REQUIREMENT – Reproduce each record exactly.
----------
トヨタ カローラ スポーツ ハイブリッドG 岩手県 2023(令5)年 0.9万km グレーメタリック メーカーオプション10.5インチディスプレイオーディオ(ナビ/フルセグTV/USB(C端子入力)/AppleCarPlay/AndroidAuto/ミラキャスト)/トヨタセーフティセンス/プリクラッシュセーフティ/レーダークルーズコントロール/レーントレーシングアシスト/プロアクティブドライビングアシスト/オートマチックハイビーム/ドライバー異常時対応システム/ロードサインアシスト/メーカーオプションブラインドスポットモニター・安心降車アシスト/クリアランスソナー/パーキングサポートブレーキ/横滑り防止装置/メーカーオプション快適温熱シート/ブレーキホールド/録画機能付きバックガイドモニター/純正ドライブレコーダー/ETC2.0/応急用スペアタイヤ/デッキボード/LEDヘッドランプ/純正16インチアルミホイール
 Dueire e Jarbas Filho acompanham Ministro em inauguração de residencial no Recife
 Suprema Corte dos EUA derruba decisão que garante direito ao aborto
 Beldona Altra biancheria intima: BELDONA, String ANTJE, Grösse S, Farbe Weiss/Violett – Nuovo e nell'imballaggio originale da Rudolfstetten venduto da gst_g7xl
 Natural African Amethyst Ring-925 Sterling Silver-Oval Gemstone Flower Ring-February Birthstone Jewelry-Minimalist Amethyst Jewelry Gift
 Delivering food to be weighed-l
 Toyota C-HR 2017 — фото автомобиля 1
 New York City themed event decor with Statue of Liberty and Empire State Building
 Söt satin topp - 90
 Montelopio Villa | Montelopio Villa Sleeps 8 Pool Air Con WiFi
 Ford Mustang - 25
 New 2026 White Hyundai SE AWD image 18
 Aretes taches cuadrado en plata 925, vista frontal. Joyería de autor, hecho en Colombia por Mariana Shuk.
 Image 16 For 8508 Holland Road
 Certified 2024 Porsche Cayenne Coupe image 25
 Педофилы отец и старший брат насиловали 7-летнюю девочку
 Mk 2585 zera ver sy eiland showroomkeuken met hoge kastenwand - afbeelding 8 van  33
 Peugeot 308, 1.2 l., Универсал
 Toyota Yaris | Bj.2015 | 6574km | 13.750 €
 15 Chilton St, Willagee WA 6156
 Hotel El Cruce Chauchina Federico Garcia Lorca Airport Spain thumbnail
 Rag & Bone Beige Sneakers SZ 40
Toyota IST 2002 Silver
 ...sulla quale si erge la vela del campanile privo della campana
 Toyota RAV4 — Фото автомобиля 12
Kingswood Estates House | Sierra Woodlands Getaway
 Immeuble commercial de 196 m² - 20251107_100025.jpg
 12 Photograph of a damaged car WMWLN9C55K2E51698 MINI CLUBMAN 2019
----------
RESPONSE BOX –
トヨタ カローラ スポーツ ハイブリッドG 岩手県 2023(令5)年 0.9万km グレーメタリック メーカーオプション10.5インチディスプレイオーディオ(ナビ/フルセグTV/USB(C端子入力)/AppleCarPlay/AndroidAuto/ミラキャスト)/トヨタセーフティセンス/プリクラッシュセーフティ/レーダークルーズコントロール/レーントレーシングアシスト/プロアクティブドライビングアシスト/オートマチックハイビーム/ドライバー異常時対応システム/ロードサインアシスト/メーカーオプションブラインドスポットモニター・安心降車アシスト/クリアランスソナー/パーキングサポートブレーキ/横滑り防止装置/メーカーオプション快適温熱シート/ブレーキホールド/録画機能付きバックガイドモニター/純正ドライブレコーダー/ETC2.0/応急用スペアタイヤ/デッキボード/LEDヘッドランプ/純正16インチアルミホイール
 Dueire e Jarbas Filho acompanham Ministro em inauguração de residencial no Recife
 Suprema Corte dos EUA derruba decisão que garante direito ao aborto
 Beldona Altra biancheria intima: BELDONA, String ANTJE, Grösse S, Farbe Weiss/Violett – Nuovo e nell'imballaggio originale da Rudolfstetten venduto da gst_g7xl
 Natural African Amethyst Ring-925 Sterling Silver-Oval Gemstone Flower Ring-February Birthstone Jewelry-Minimalist Amethyst Jewelry Gift
 Delivering food to be weighed-l
 Toyota C-HR 2017 — фото автомобиля 1
 New York City themed event decor with Statue of Liberty and Empire State Building
 Söt satin topp - 90
 Montelopio Villa | Montelopio Villa Sleeps 8 Pool Air Con WiFi
 Ford Mustang - 25
 New 2026 White Hyundai SE AWD image 18
 Aretes taches cuadrado en plata 925, vista frontal. Joyería de autor, hecho en Colombia por Mariana Shuk.
 Image 16 For 8508 Holland Road
 Certified 2024 Porsche Cayenne Coupe image 25
 Педофилы отец и старший брат насиловали 7-летнюю девочку
 Mk 2585 zera ver sy eiland showroomkeuken met hoge kastenwand - afbeelding 8 van  33
 Peugeot 308, 1.2 l., Универсал
 Toyota Yaris | Bj.2015 | 6574km | 13.750 €
 15 Chilton St, Willagee WA 6156
 Hotel El Cruce Chauchina Federico Garcia Lorca Airport Spain thumbnail
 Rag & Bone Beige Sneakers SZ 40
Toyota IST 2002 Silver
 ...sulla quale si erge la vela del campanile privo della campana
 Toyota RAV4 — Фото автомобиля 12
Kingswood Estates House | Sierra Woodlands Getaway
 Immeuble commercial de 196 m² - 20251107_100025.jpg
 12 Photograph of a damaged car WMWLN9C55K2E51698 MINI CLUBMAN 2019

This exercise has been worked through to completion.